Yep, it’s only natural to react emotionally to visual images.
Yep, it’s only natural to react emotionally to visual images. - image source

Taken together, these factors can help consumers make that split-second decision to click on our ads instead of the competition. After all, most consumer buying is emotional, not logical.
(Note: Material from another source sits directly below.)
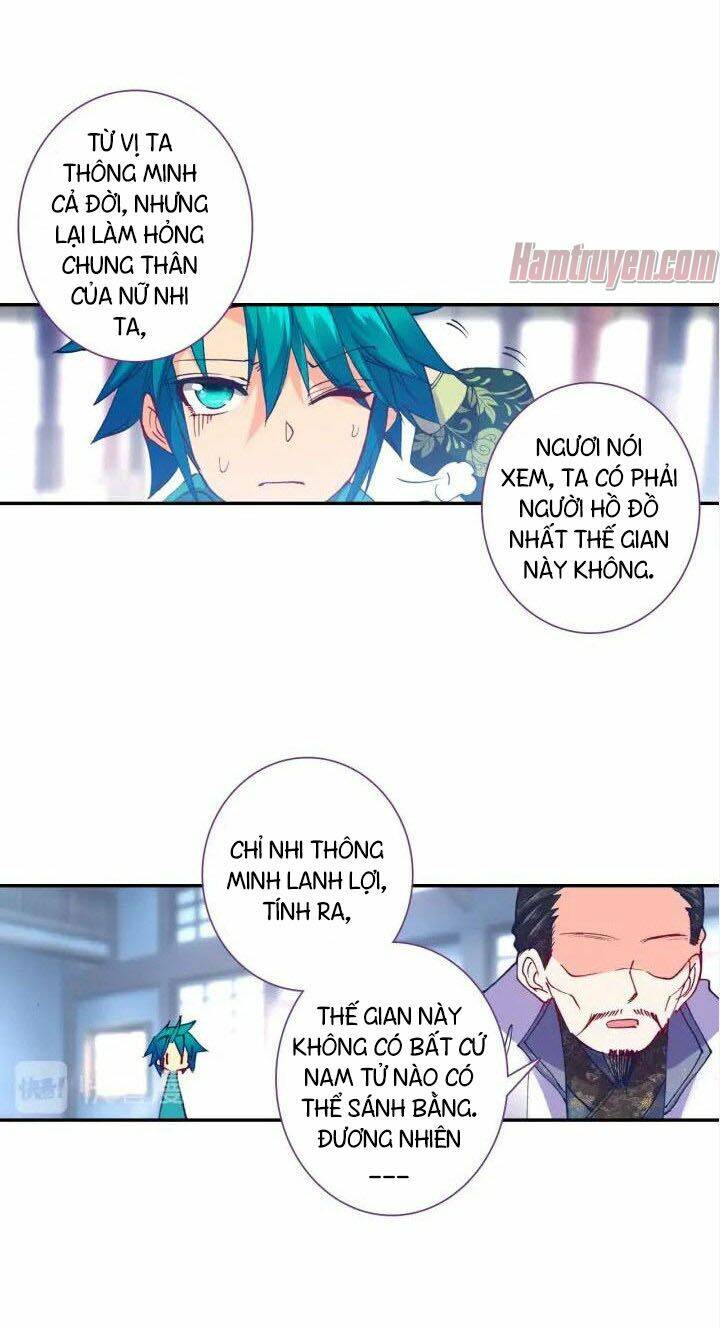 Cực Phẩm Gia Đình Chapter 101.5 - Trang 12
Five Great Resources to Check Out ☟

Before you even start thinking about adding emojis to your Google AdWords campaigns, you have to speak emoji.
As you’d expect, there are a ton of sites out there that specialize in emoji creation, history, trends, etc. There’s even a cool one that shows you in real time the actual count of different emojis being used on Twitter (check that out here).
For those of you that want a more studied view, try these sites for useful information, tips, and updates:
Emojipedia – The encyclopedia for everything emoji and the official naming resource for the Unicode Standard, The Unicode Consortium’s character coding system. Browseable by platform.
Emojipedia Blog – The official blog for Emojipedia. Happily covers fun updates like “Google fixes burger emoji.”
Emoji Cheat Sheet – A one-page resource for emojis and their short codes.
Emoji Finder – A super easy “finder tool” that groups emojis by their platform.
Emoji Wikipedia – If you want to get your emoji geek on, this is a good place to start. It also has a good list of resources for future reference.

Go Ahead, Give It a Try

Are you emoji’d out yet? I hope not. Even though the jury’s still out on Google AdWords emoji bidding, emoji usage in AdWords has a lot of promise--and we think it will be here to stay if fully rolled out.